* Recorded data:
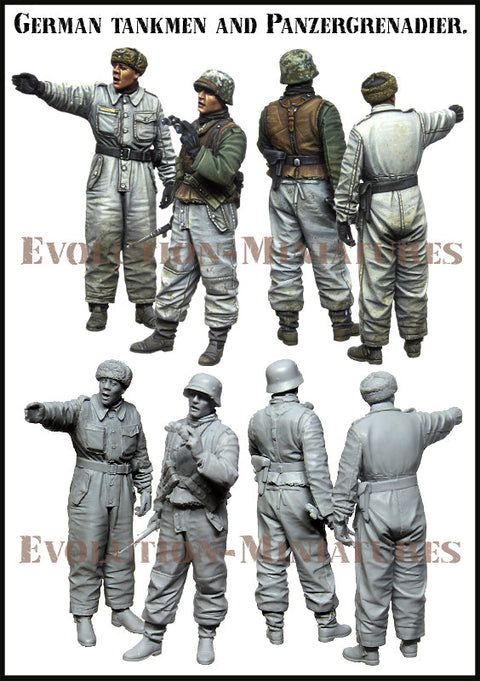エボリューション EM-35193 1/35 WWII ドイツ 戦車兵と装甲擲弾兵(2体)
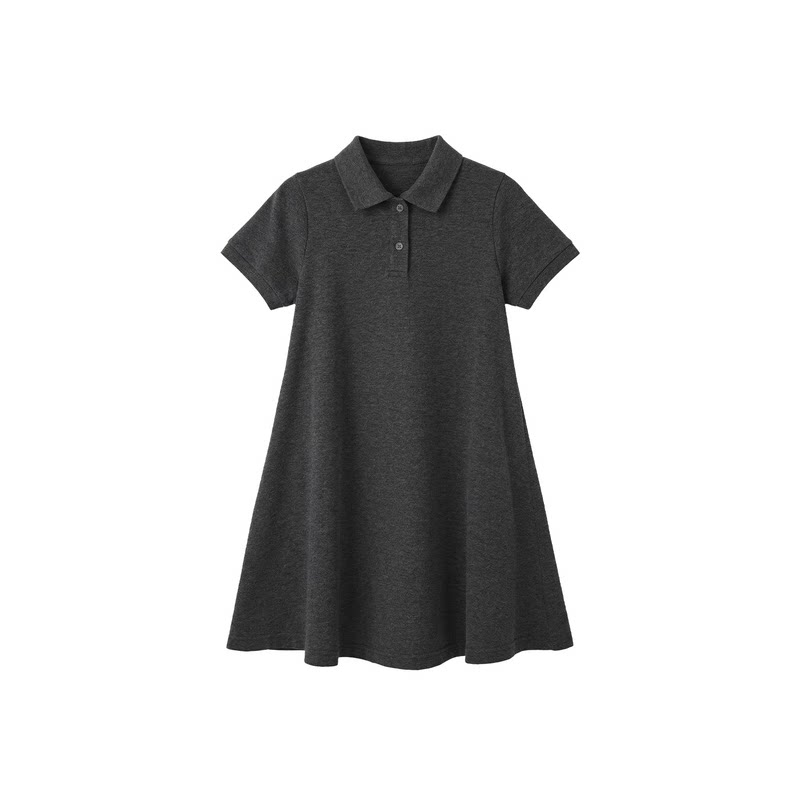 嗒囜亲子款女童POLO领A字连衣裙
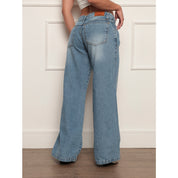 Calça jeans low rise cos baixo baggy larga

* Assignment:
Return all the lines above exactly; none of the pictures should appear.

* Task result:
エボリューション EM-35193 1/35 WWII ドイツ 戦車兵と装甲擲弾兵(2体)
 嗒囜亲子款女童POLO领A字连衣裙
 Calça jeans low rise cos baixo baggy larga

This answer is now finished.